Log file directories are locked by the log writing programs with the conventional daemontools lockfile mechanism.
One can arrange to execute tasks, interlocked with the logging service not running, using the setlock
tool.
For example, this arranges to temporarily stop the log service connected to the local-syslog-read
service and archive a snapshot of its log directory:
setlock /var/log/sv/local-syslog-read/lock sh -c 'pax -w /var/log/sv/local-syslog-read/@*.[su] /var/log/sv/local-syslog-read/current > snapshot.tar' & system-control condrestart cyclog@local-syslog-read
(Note the subtlety of wildcard expansion being deferred until setlock
has acquired the lock.)
All log lines begin with a timestamp; TAI64N timestamps sort lexically into chronological order; and each log file is by its nature already sorted into chronological order.
This means that log files are suitable for using the -m
option to the sort
command, in order to merge sort multiple log files together into a single log.
The following example makes use of this to sort all of the last hour's logs from all (nosh managed, system-wide) services together:
find /var/log/sv/*/ -type f \( -name current -o -name '@*.[su]' \) -mmin -60 -print0 | xargs -0 sort -m -- | tai64nlocal | less -S +G
The follow-log-directories
and export-to-rsyslog
tools understand the structure of log directories, and can thus do things that tail -F
cannot:
They know the naming scheme for old rotated log files and know to scan through them, reading any that are newer than the point last recorded in their "log cursor", before reading the current file.
They know to skip through any given log file, to the next entry after the point last recorded in their "log cursor".
They know to read all of the way to the end of the current file before taking note of a rename notification triggered by a file rotation.

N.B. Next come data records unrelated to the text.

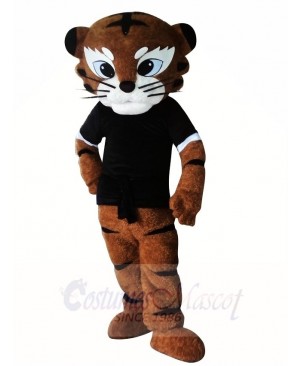 Black Shirt Kung Fu Judo Tiger Mascot Costumes Animal 
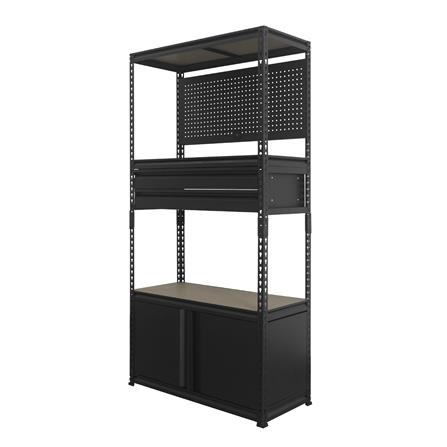 3-TIER MULTIFUNCTIONAL SHELVING UNIT FURDINI BAY 91CM BLACK [EXCLUSIVE FROM HOMEPRO THAILAND]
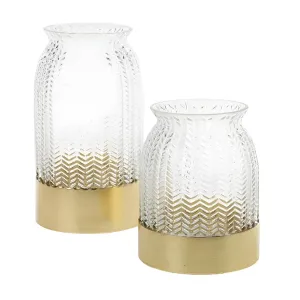 Gold Accent Chevron Flower Vase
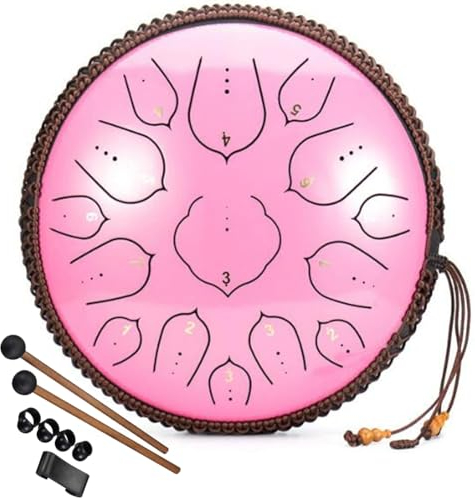 Stahlzungentrommel, Stahltrommel für Erwachsene und Kinder, großes Schlaginstrument, Trommel D-Dur, 14 Zoll, 15 Noten, Handpan-Trommel mit Essstäbchen, Zauberstabhalter und Tragetasche für Yoga I
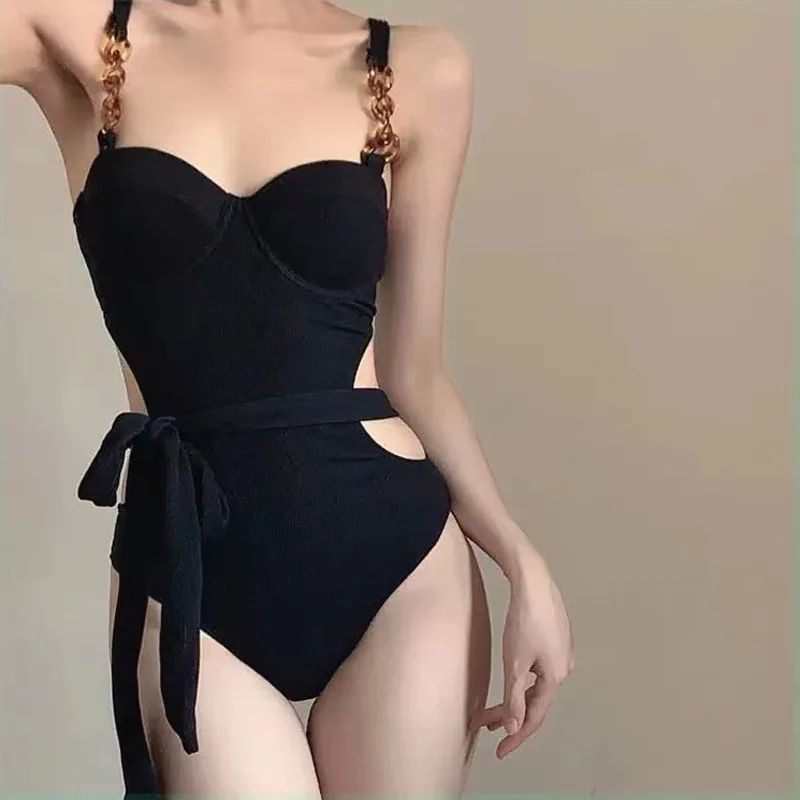 2023 Japan And South Korea New Female One-Piece Suspenders Style Small Chest Gathering Slimming Spice Girl Holiday Swimsuit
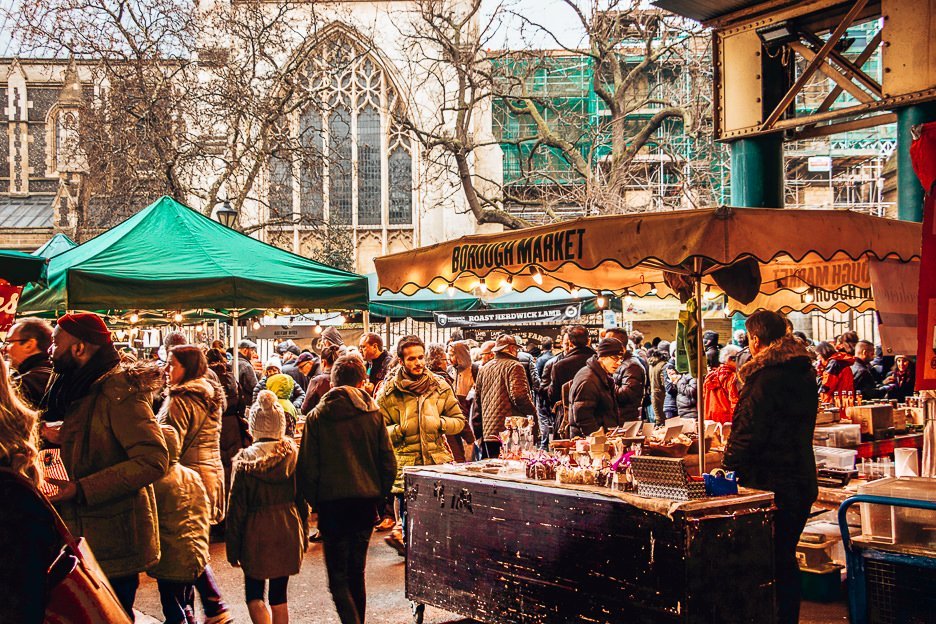 Delicious food stalls at Borough Market, London Market Guide
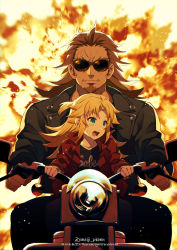Rule 34 | 1boy, 1girl, age difference, anime coloring, black jacket, black shirt, blonde hair, braid, brown hair, child, closed mouth, explosion, facial hair, facing viewer, fate/apocrypha, fate (series), french braid, goatee, green eyes, highres, holding, jacket, long hair, looking to the side, meiji ken, mordred (fate), mordred (fate/apocrypha), motor vehicle, motorcycle, on motorcycle, open clothes, open jacket, open mouth, parody, ponytail, red jacket, riding, scar, scar across eye, scar on face, serious, shirt, shishigou kairi, sparks, sunglasses, sweatdrop, t-shirt, terminator (series), terminator 2: judgment day, thick eyebrows, twitter username, watermark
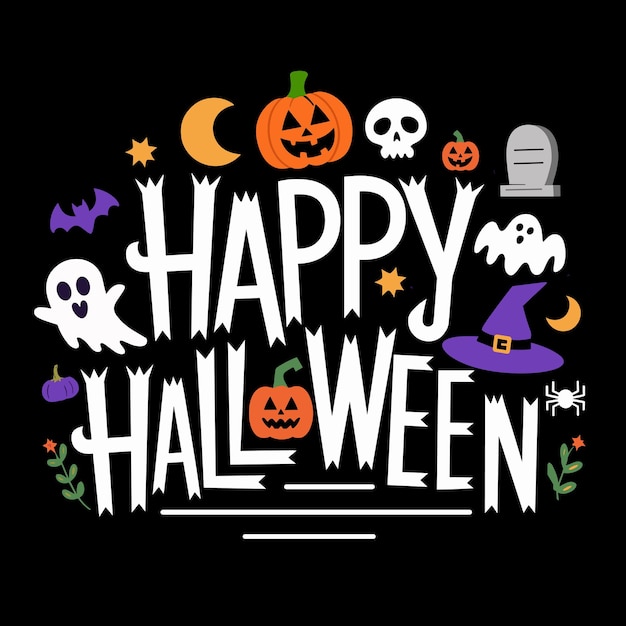 Happy Halloween Typografie met elementen op paarse achtergrond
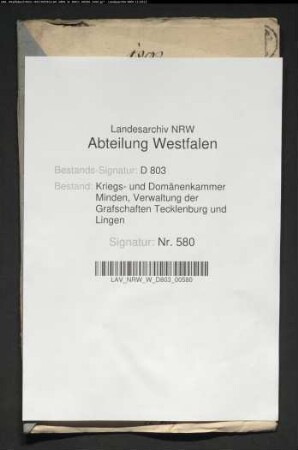 Vererbpachtung eines Grundes vom Kolon Diecksweigmann, Kirchspiel Wersen, an den Kötter Kreymeyer, Bauerschaft Düte, Kirchspiels Cappeln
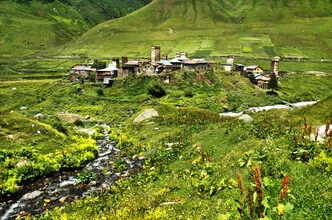 Photo art by Victoria Knobloch: traditional mountain village in Georgia during summer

Their "log cursors" are persistent and tweakable, and not just transient state held within some kernel open file description that is lost when the process holding it open terminates. They will "remember" where they last left off if terminated and then re-invoked. An administrator can hand-edit the "cursor" file with the TAI64N timestamp of the desired place in the log to (re-)start from.
With export-to-rsyslog
one can build a de-coupled log export service that will export a machine's logs over the network to an RSYSLOG server, without skipping log entries and with the log directory itself being a buffering mechanism that allows the logged service to pull ahead of the export service without the risk of short-lived temporary network glitches blocking the logged service because its output pipe is full.
With follow-log-directories
one can build de-coupled log post-processing services that do things like pass logs through awk
or perl
scripts and perform tasks when log entries match particular patterns.

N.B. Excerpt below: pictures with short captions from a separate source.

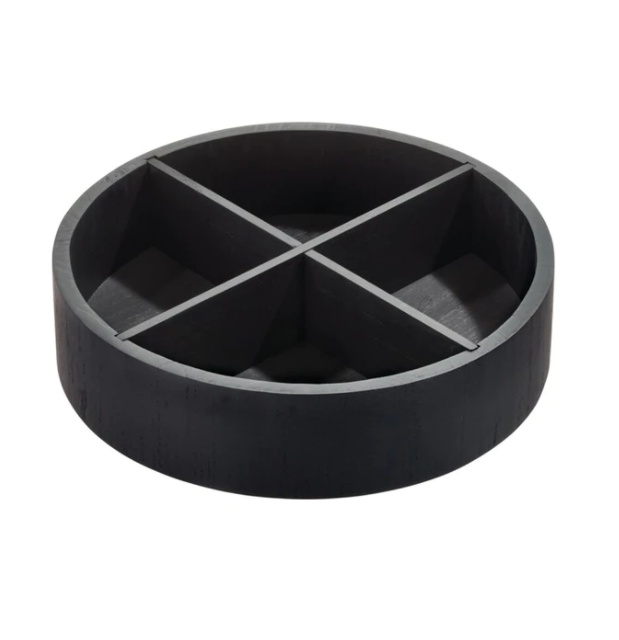 Snurrbricka trä, Med avdelare, THE HOME EDIT TURNTABLE, Ø 30,5 cm, Svart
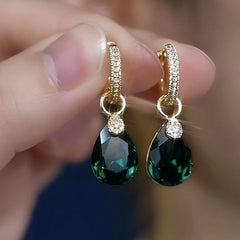 14K Gold-Plated Elegant Green Zircon Water Drop Earrings - elegant Green Zircon Water Drop Earrings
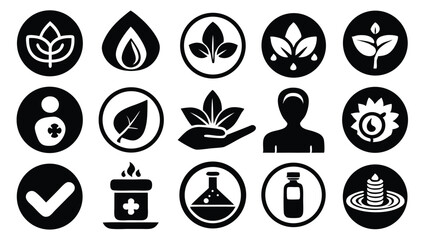 Poster - Collection of black and white wellness icons representing health spa and natural remedies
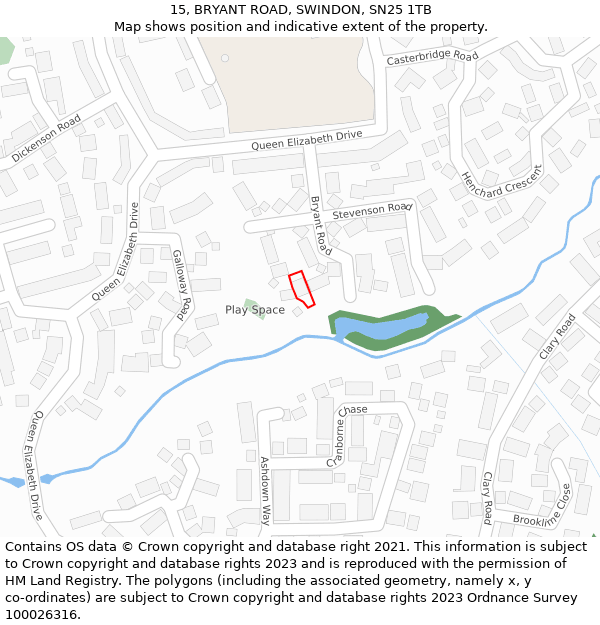 15, BRYANT ROAD, SWINDON, SN25 1TB: Location map and indicative extent of plot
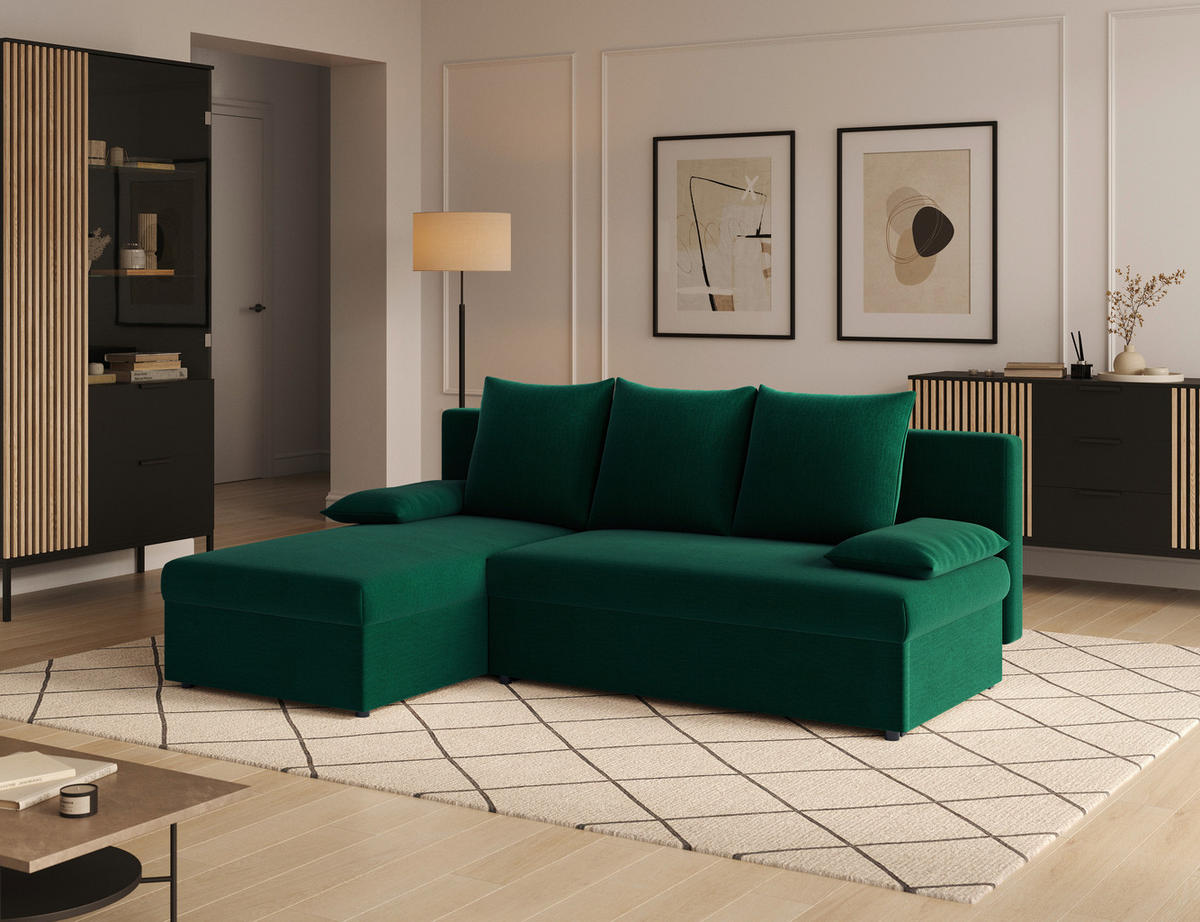 ECKSOFA GINO in Samt Dunkelgrün  201/143 cm  - Dunkelgrün/Schwarz, Design, Kunststoff/Textil (201/143cm) - MID.YOU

Again, the log directory itself acts as a buffer that allows the logged service to pull ahead if the tasks happen to take a long time.
There is a whole bunch of log post-processing tools for specific services written by various people. Here are just a couple, in no particular order:
Skaarup's tools for analyzing the logs of various Bernstein softwares, from axfrdns to publicfile httpd.
Erwin Hoffmann's newanalyse that analyses qmail log files specifically.